Backpressure is necessary in order to limit the total number of events that Vector has to hold when a sink is unable to process as quickly as a source accepts new events.
TCP sources today are processed on a per-connection basis. For each connection, a request is decoded, and all the events contained in that request are sent to the pipeline. Backpressure is applied when flushing events into the pipeline. When this happens, it prevents that one specific connection from decoding another request until there is enough room in the pipeline for flushing to complete. It does not, however, prevent new connections from being opened, which will decode another request. If the number of connections are unbounded, then the total number of events that Vector has to hold in memory is also unbounded, causing excessive memory usage, or crashing Vector entirely.
The goal here is to set an upper bound on the number of events held by Vector by propagating backpressure to the source of events.
- add config option to limit source tcp connections (off by default)
- Epic for source backpressure handling in all sources
-
Limit the number of in-flight events for TCP sources.
- fluent
- socket (tcp mode only)
- logstash
- statsd
- syslog
-
Reduce the number of config options required to solve this where possible (it should work by default)
-
Prevent performance regressions from any necessary changes
- Non-TCP based sources
It may be more clear why this is a problem if we look at a specific example. The fluent
source collects logs from
fluentd
over TCP connections.

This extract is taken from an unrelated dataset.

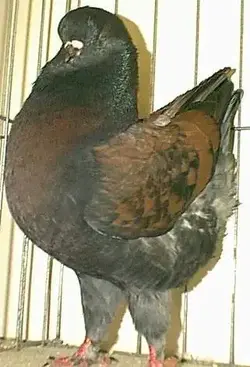 bronzecock606.webp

For this source, the number of events held by Vector is
smallest buffer size of connected sinks [default: 500] + pipeline buffer [1000] + (# of events in a request * # of TCP connections)
fluentd
can send batches of over 20,000 events in a single request. It will also
utilize more TCP connections if it is unable to send fast enough. If the sink is unable to keep up, there will be
an entire request's worth of events in memory per TCP connection, and fluentd
will keep opening more. This
can quickly exhaust all the available memory. Even if memory doesn't run out and cause Vector to crash, each
TCP connection that opens will compete with the existing connections trying to send events to the pipeline. Each
connection will take longer and longer to process until they start timing out and fluentd
retries those events,
so you end up making no forward progress at all.
The naive solution is to just pick static connection limit for each source. This would fix the issue because the number of connections is bounded, so the number of requests in-flight would also be bounded.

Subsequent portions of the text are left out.